Aegis

The modern concept of doing something "under someone's aegis" means doing something under the protection of a powerful, knowledgeable, or benevolent source. The word Aegis is identified with protection by a strong force rooted in Greek mythology and adopted by the Romans.

Aegis is a monitoring tool that exposes the result of on-chain view calls as Prometheus metrics that get ingested into Grafana.
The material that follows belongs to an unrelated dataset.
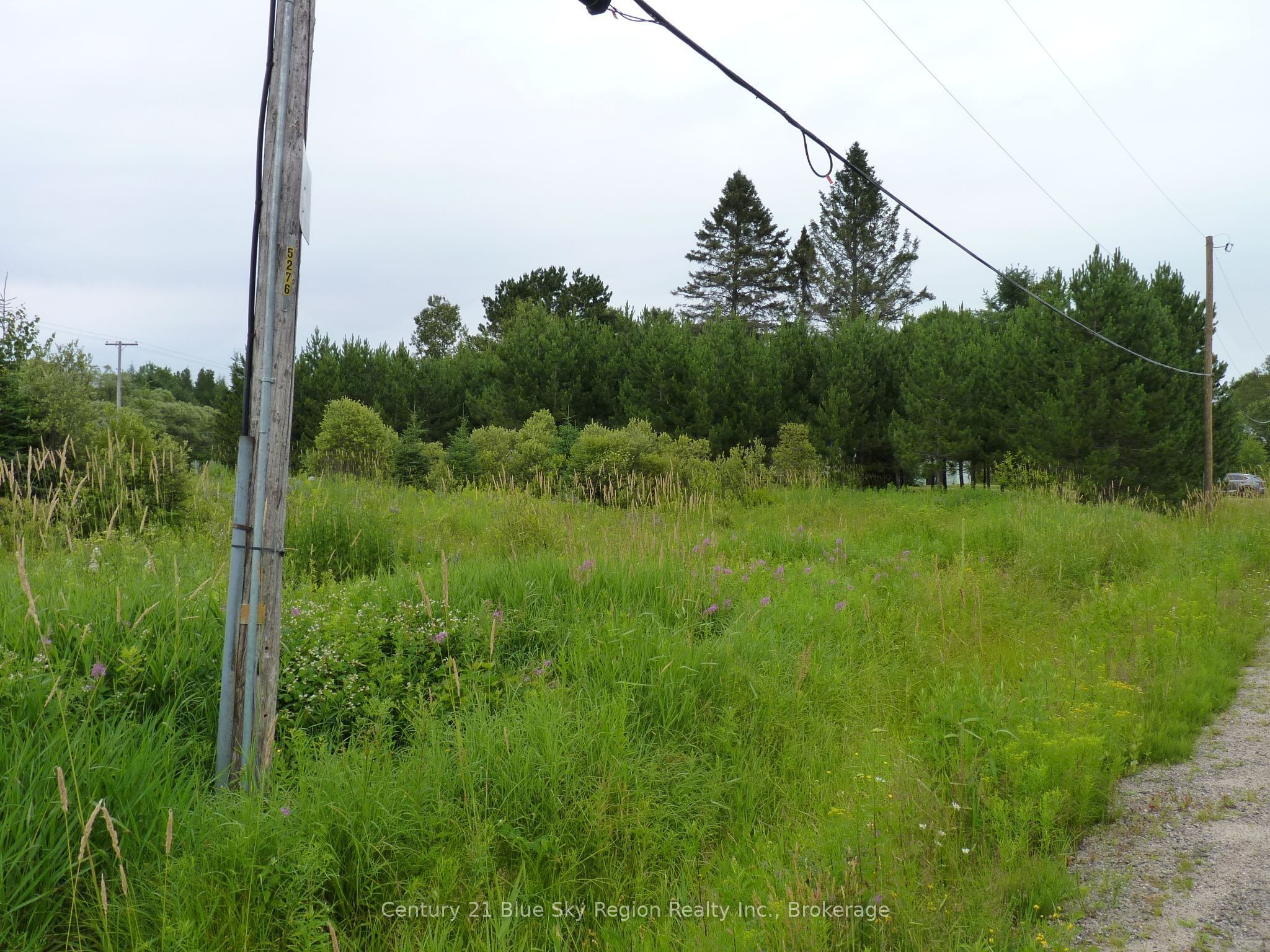 50 Feronia Road Property Photo 7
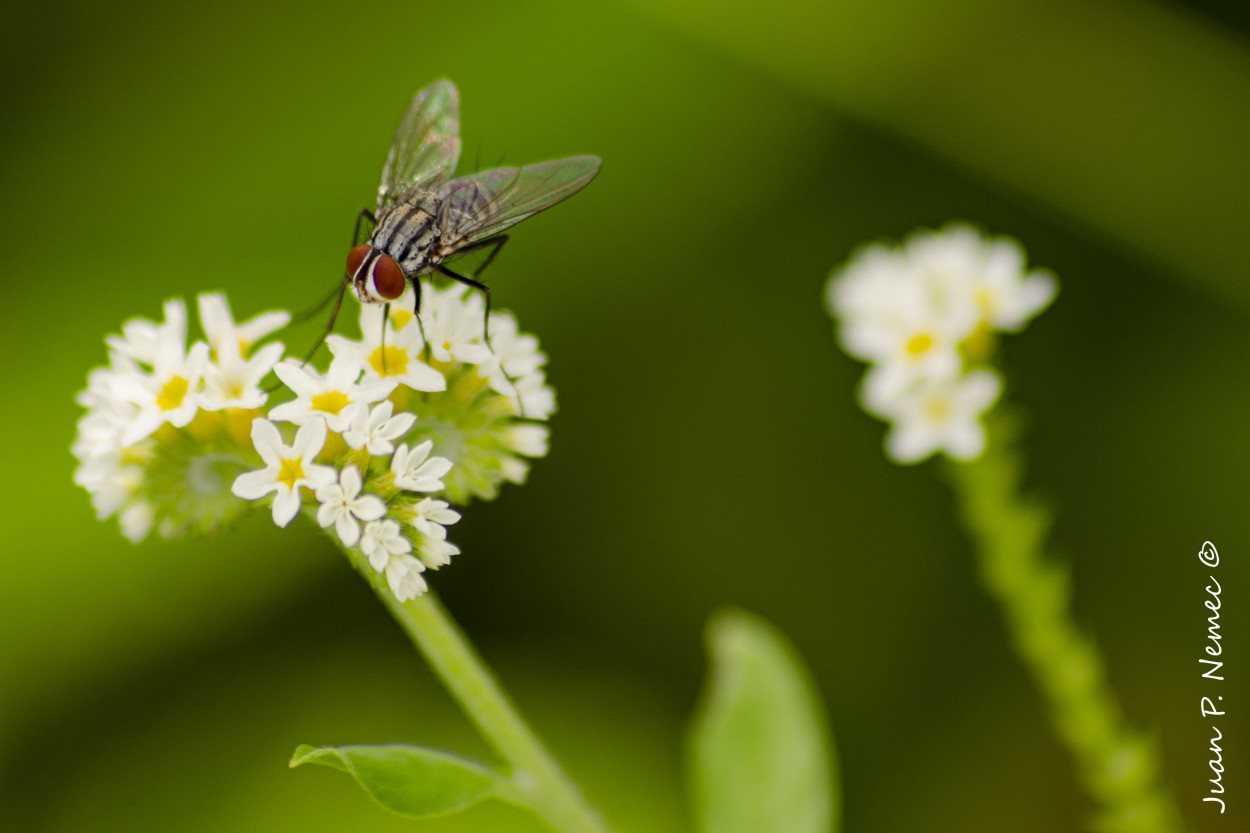 "Flores y mosca" de Juan P. Nemec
The system's ethos is that it should be generic and agnostic when it comes to business logic.

It allows you to turn a config.yaml like this:

# config.yaml
source: SortedOracles.numRates(address rateFeed)(uint256)
schedule: 0/10 * * * * *
type: gauge
chains: all
variants:
  - ['CELOUSD']
  - ['CELOEUR']
  - ['CELOBRL']
  - ['USDCUSD']
  - ['USDCEUR']
  - ['USDCBRL']

Into a Grafana Dashboard like this:

Running the app
Tests
Deployment
Checking the Logs
Configuration
Terraform for Grafana

Running the app

# install dependencies
pnpm install

# run a dev server
pnpm start

# run a dev server with hot reload
pnpm run start:dev

# run in prod mode
pnpm run start:prod

Tests

# unit tests
pnpm run test

# test coverage
pnpm run test:cov

Deployment

Deploying Aegis

There are three main components you have to think about:

The aegis service that polls view calls and exposes Prometheus metrics based on a config.yaml file.
A service that ingests the metrics, this could be: a. A grafana-agent instance which pushes the metrics to grafana-cloud. b. A Prometheus server that ingests the metrics.
(Optional) Helper smart contracts, which do any transformations needed to on-chain data for ingestion by aegis.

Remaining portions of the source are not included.